I expect that will fix your problem. I haven't merged it yet for lack of testing, but if you can confirm it fixes your problem, I'll merge it asap

diego-sueiro commented 4 years ago

yeah, I should have asked you to add the -f flag to strace to watch the threads close down, but the lack of calls to pthread_join at the end suggests that the problem is that rngd is stuck in jitterentropy, waiting for generation to complete during exit. Please try building the branch at: https://github.com/nhorman/rng-tools/tree/early-jitter-exit

I expect that will fix your problem. I haven't merged it yet for lack of testing, but if you can confirm it fixes your problem, I'll merge it asap

I'm still seeing this issue. When starting rngd with strace -f the systemd start times out.

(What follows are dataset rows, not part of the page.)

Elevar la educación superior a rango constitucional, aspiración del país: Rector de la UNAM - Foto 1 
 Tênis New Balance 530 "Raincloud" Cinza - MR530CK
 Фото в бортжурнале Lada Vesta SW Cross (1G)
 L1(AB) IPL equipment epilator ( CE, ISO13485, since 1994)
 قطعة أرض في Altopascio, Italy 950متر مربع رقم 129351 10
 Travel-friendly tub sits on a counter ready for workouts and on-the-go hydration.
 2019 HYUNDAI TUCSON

nhorman commented 4 years ago

with the branch I referred you to? Then please attach the output of strace -f on rngd when the issue occurs

diego-sueiro commented 4 years ago

with the branch I referred you to? Then please attach the output of strace -f on rngd when the issue occurs

The branch you asked me to test.

This is the strace -f log when stopping rngd.service:

2987  poll([{fd=6, events=POLLOUT}], 1, -1) = ? ERESTART_RESTARTBLOCK (Interrupted by signal)
2987  --- SIGTERM {si_signo=SIGTERM, si_code=SI_USER, si_pid=1, si_uid=0} ---
2987  --- SIGCONT {si_signo=SIGCONT, si_code=SI_USER, si_pid=1, si_uid=0} ---
2987  sigreturn({mask=[]})              = -1 EINTR (Interrupted system call)
2987  close(5)                          = 0
2987  send(8, "<31>Nov 11 13:57:58 rngd: Checki"..., 56, MSG_NOSIGNAL) = 56
2987  sched_yield()                     = 0
<...>
2987  +++ killed by SIGKILL +++
nhorman commented 4 years ago

I don't understand whats going on here. I can't reproduce this on my raspberry pi, and looking at your strace above, I see no activity from the child threads that the jitterentropy source creates, which sugests they aren't running at all (which is the source of the previous hang). Can you run the following commands in a terminal and post the output: rngd -v; rngd -f -d

Note, that after you start rngd in the foreground, you can attempt to stop it in the same way that systemd does by executing kill -SIGHUP pidof rndg from another shell

Also, one other thing I noticed, your service file is a forking type which start rngd to run in the background. While thats not a problem per-se, is there any reason you don't just list this as a simple unit, which starts rngd in the foreground (-f)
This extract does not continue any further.